***** Excerpted data

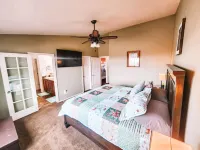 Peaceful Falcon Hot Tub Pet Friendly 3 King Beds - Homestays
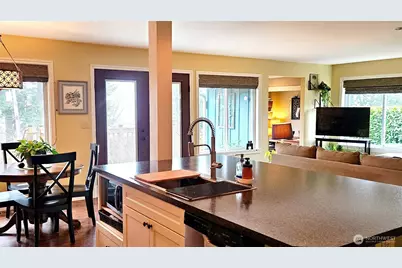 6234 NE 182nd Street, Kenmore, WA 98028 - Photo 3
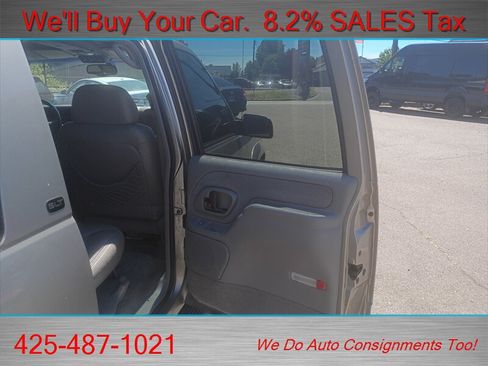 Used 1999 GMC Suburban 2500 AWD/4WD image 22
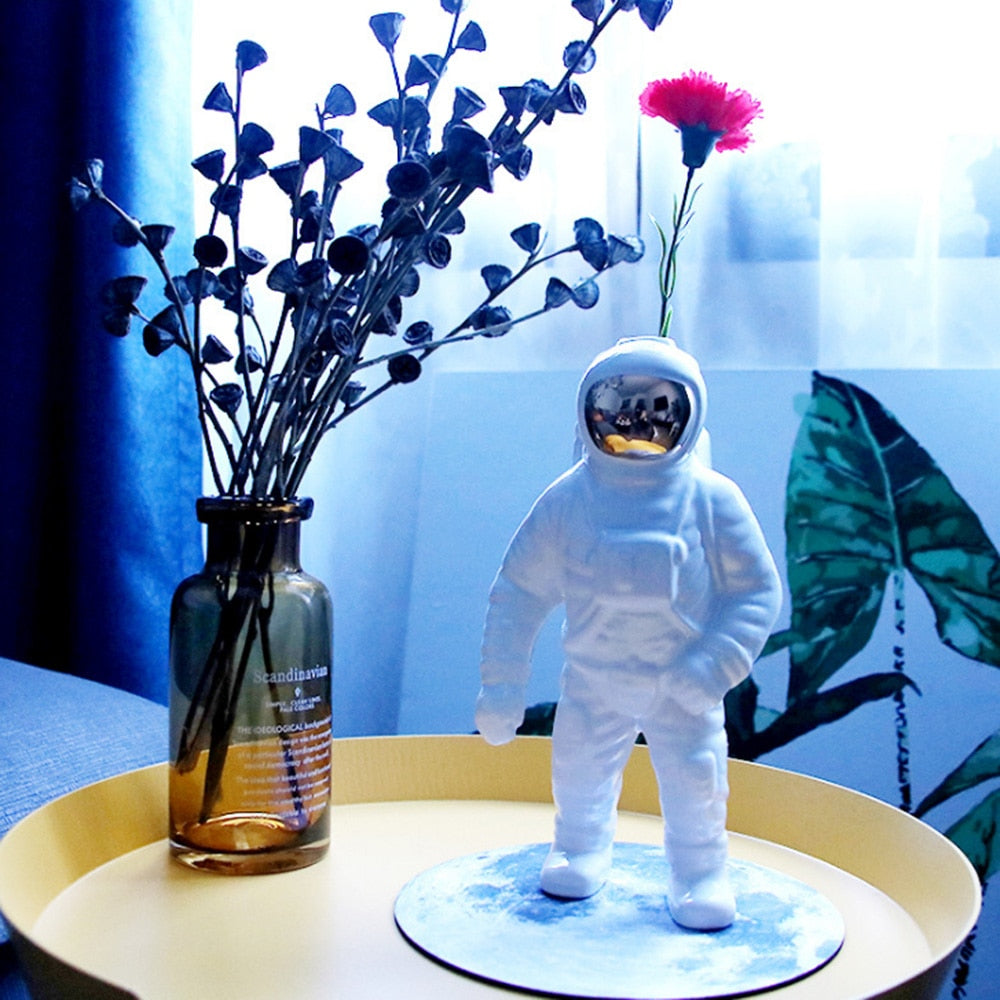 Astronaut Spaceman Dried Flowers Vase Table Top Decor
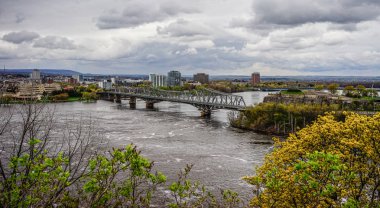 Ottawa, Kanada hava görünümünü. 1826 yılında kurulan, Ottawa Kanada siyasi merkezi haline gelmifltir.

**********

_Task to complete_.
Please write out all the entries above again exactly as they appear, skipping any images.

_Exercise output_.
 Peaceful Falcon Hot Tub Pet Friendly 3 King Beds - Homestays
 6234 NE 182nd Street, Kenmore, WA 98028 - Photo 3
 Used 1999 GMC Suburban 2500 AWD/4WD image 22
 Astronaut Spaceman Dried Flowers Vase Table Top Decor
 Ottawa, Kanada hava görünümünü. 1826 yılında kurulan, Ottawa Kanada siyasi merkezi haline gelmifltir.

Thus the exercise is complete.